**Data supplied:**
******
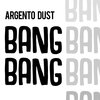 Argento Dust - Bang Bang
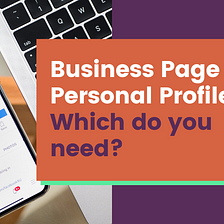 Facebook Page vs. Profile: Which does your business really need?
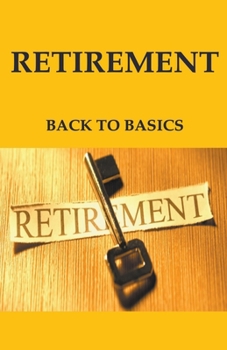 Paperback Retirement: Back to Basics Book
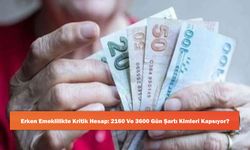 Erken Emeklilikte Kritik Hesap: 2160 Ve 3600 Gün Şartı Kimleri Kapsıyor?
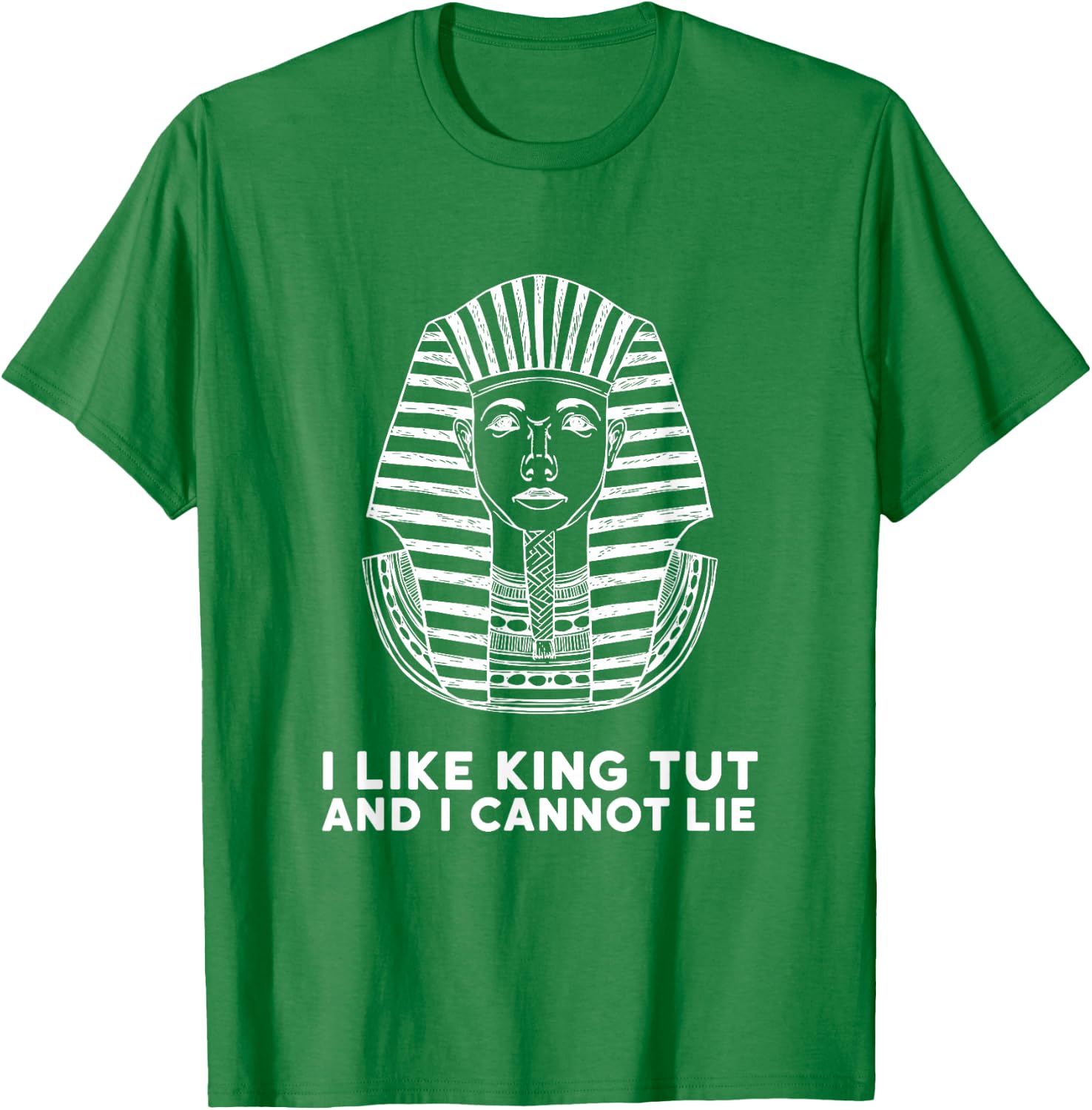 I Like King Tut and I Cannot Lie Tutankhamen Egypt T Shirt T-Shirt - T-Shirt | Irish Green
******
**Exercise details:** Every line from the one that holds "Facebook Page vs." to the end of the listing should be output exactly, with pictures left out, please.

**Exercise solution:**
 Facebook Page vs. Profile: Which does your business really need?
 Paperback Retirement: Back to Basics Book
 Erken Emeklilikte Kritik Hesap: 2160 Ve 3600 Gün Şartı Kimleri Kapsıyor?
 I Like King Tut and I Cannot Lie Tutankhamen Egypt T Shirt T-Shirt - T-Shirt | Irish Green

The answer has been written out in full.